In general, a matrix with real numbers may not have any eigenvetors composed only of real numbers (but if we are willing to accept complex numbers, any matrix will have at least one pair of eigenvalue-eigenvector). Moreover, an \(n\) by \(n\) matrix may have as many as \(n\) distinct such pairs.
Fortnuately, for the type of matrix we are discussing here (square matrices with only non-negative entries), we know that there is one eigenvector composed only of non-negative entries. Its corresponding eigenvalue is the largest one (in absolute value) among all the eigenvalues. This is the vector we are looking for, also known as the dominant eigenvector. Each entry in the dominant eigenvector is the centrality measure that solves the equation above.

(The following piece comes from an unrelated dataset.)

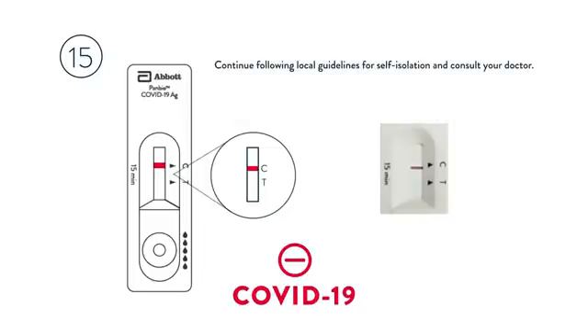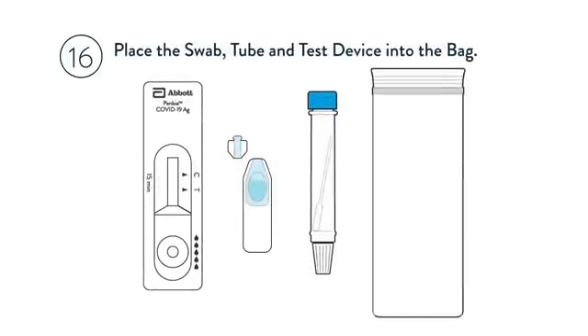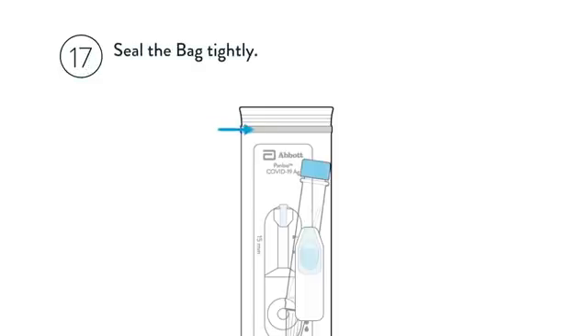Continue following local guidelines for self-isolation and consult your doctor. Place the swab, tube, and test device into the bag. Seal the bag tightly and throw it away in the waste bin.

This is the core idea behind algorithms like PageRank, used by Google to, well, rank every page on the web according to its influence. Along with other computations, this rank influences the order of the search results.
Weights
The graphs we’ve been looking at only have unweighted edges. Any pair of vertices is either connected or not — in matrix language, the entries of the adjacency matrix being either 1 or 0, respectively. But we can extend this idea of eigenvector centrality to weighted graphs. Their corresponding adjacency matrix, in this case, can contain any non-negative integer, representing the weight of the edges.
For example, there is a website called meetup.com, in which users can join groups of interest and meet other people. This is an example of a graph in which we have two types of vertices: users and groups (also called bipartite). A user may be a member of many groups and each group may have many members. But we can decide to focus only on the groups and define that there is an edge between two groups if they have share at least one member.

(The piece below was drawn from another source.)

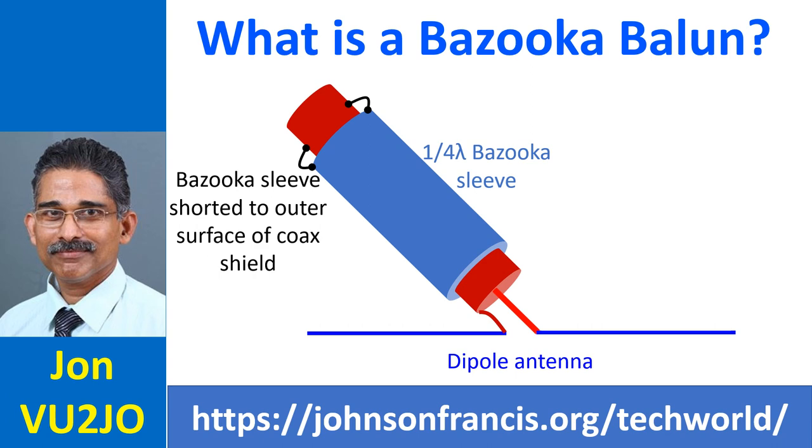A bazooka balun is a sleeve around the coaxial cable, short circuited to the outer surface of the shield, and resembles a bazooka. It is also known as a sleeve balun. The bazooka balun increases the impedance to ground seen by the outer shield current and minimizes the outer shield current.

This is what the graph of meetup groups in the Nashville, TN, area in the United States looks like (credit to Stephen Bailey, who posted the data on Kaggle):
This graph has 602 vertices and 6692 edges. The weight of each edge (represented in the figure by the thickness of the line) is the number of users the adjacent groups have in common. Computing the dominant eigenvector for this graph and taking its largest element, we find out that the most central group is Eat Love Nash. In their own words, “it’s a laid back social group just doing fun get togethers. We’re open to all sorts of different activities from dining out to hiking to trivia.”, which kind of makes sense for a very central group.
The image above and the eigenvalue/eigenvector computation was done in Gephi, an amazing open source graph application, with all sorts of features and plugins.